AEW Collision is making a bold move this November, trading its usual Saturday night slot for a special Thanksgiving Day broadcast. The decision, revealed in a Warner Bros. Discovery press release, confirms that Collision will air on Thursday, November 27 at 8 p.m. ET, just five days after AEW Full Gear.
On paper, the shift avoids a direct fight with WWE’s Survivor Series, which airs two days later on Saturday, November 29. AEW’s logic is clear: dodge a head-to-head ratings disaster. But not everyone is convinced this was the right play.
Dave Meltzer didn’t hold back when he heard the news. Speaking on Wrestling Observer Radio, Meltzer called it a ratings trap no matter how you look at it.
After co-host Garrett Gonzales mentioned the WBD schedule update, Meltzer explained that historically, airing wrestling on Thanksgiving night has almost always been a disaster for television numbers—even if it once worked for live events in the territory days.
“That’s like, damned if you do and damned if you don’t. Wrestling history of shows on Thanksgiving Night, you know, when on Thursday, you know, it’s brutal. Thanksgiving kills wrestling. I mean, Thanksgiving was a great, you know, when in the Seventies and Eighties was a great night to have wrestling, but Thanksgiving Night, wrestling on television because TNA was—when they were on Spike—one show a year would be the Thanksgiving Show and would always just do horrendous in the numbers, you know. So, and it’s AEW, and they’re already getting chopped up in eighteen–thirty-four anyway.”

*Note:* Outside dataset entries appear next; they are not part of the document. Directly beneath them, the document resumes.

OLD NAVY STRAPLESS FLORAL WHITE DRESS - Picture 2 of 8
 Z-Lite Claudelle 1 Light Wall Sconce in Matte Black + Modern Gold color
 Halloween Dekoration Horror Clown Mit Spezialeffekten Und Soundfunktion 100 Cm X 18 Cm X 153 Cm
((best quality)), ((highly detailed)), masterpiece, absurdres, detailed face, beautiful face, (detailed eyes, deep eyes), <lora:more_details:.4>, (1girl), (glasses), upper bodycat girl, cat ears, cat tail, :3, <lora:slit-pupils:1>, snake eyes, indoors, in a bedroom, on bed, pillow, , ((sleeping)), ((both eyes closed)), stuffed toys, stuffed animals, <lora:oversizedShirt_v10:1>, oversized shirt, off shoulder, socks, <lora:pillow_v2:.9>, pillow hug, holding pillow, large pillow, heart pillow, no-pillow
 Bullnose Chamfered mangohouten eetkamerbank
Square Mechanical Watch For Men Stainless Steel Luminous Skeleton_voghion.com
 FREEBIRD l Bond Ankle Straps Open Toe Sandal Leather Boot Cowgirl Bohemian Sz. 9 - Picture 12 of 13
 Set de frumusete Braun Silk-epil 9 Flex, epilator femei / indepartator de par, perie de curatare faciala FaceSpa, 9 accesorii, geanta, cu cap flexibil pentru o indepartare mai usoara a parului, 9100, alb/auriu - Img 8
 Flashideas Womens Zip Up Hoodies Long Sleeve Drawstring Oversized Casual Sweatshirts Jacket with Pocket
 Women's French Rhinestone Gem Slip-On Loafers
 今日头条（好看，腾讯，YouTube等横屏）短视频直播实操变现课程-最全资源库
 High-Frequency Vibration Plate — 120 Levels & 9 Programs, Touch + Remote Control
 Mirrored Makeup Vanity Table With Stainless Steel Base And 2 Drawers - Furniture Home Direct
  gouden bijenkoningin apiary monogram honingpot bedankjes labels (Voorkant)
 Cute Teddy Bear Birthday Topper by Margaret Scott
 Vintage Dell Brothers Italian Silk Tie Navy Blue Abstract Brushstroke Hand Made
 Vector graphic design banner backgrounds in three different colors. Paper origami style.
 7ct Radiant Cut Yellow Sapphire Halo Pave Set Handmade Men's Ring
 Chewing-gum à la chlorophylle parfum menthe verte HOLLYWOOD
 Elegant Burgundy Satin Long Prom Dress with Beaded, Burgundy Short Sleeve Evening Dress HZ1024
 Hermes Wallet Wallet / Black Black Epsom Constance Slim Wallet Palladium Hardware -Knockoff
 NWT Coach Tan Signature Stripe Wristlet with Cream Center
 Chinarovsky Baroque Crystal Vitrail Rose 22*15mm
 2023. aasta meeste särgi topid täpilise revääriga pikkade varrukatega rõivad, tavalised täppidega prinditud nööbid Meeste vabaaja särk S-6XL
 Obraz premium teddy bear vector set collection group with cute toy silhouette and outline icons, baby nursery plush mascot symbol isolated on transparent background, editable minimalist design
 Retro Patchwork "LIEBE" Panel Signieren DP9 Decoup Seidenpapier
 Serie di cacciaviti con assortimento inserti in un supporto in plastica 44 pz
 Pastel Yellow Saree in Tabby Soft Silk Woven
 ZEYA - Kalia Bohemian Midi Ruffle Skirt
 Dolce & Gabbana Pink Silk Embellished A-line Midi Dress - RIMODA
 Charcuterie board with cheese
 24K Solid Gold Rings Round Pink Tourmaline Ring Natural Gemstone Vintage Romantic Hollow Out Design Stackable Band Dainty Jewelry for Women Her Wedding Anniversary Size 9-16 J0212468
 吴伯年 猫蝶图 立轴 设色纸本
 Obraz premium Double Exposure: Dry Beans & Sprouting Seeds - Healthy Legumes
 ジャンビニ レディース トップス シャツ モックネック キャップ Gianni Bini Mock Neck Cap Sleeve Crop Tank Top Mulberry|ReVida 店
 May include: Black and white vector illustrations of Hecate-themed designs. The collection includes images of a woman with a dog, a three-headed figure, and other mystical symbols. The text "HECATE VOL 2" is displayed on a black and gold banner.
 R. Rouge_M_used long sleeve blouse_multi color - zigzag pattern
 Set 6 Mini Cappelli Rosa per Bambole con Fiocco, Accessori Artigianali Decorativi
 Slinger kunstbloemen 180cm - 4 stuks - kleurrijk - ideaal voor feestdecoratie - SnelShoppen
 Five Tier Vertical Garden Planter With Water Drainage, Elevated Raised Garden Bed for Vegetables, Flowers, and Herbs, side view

Meltzer’s warning reflects AEW’s tough position. Earlier this year, Collision took massive hits in viewership when airing against WWE PLEs. The February 1 episode that went head-to-head with the Royal Rumble drew just 197,000 viewers and a 0.04 rating in the 18–49 demo—the worst numbers the show has seen. A similar drop followed on March 1 during Elimination Chamber weekend.
AEW’s decision to move Collision to Thanksgiving may help avoid WWE’s stranglehold, but Meltzer made it clear that the holiday presents its own pitfalls. Between NFL games and family events, wrestling often gets lost in the shuffle—especially in today’s saturated content landscape.
The Thanksgiving edition of Collision will serve as fallout from Full Gear and begin AEW’s build toward Worlds End in December. But if history repeats itself, that night could be a rough one for the ratings sheet.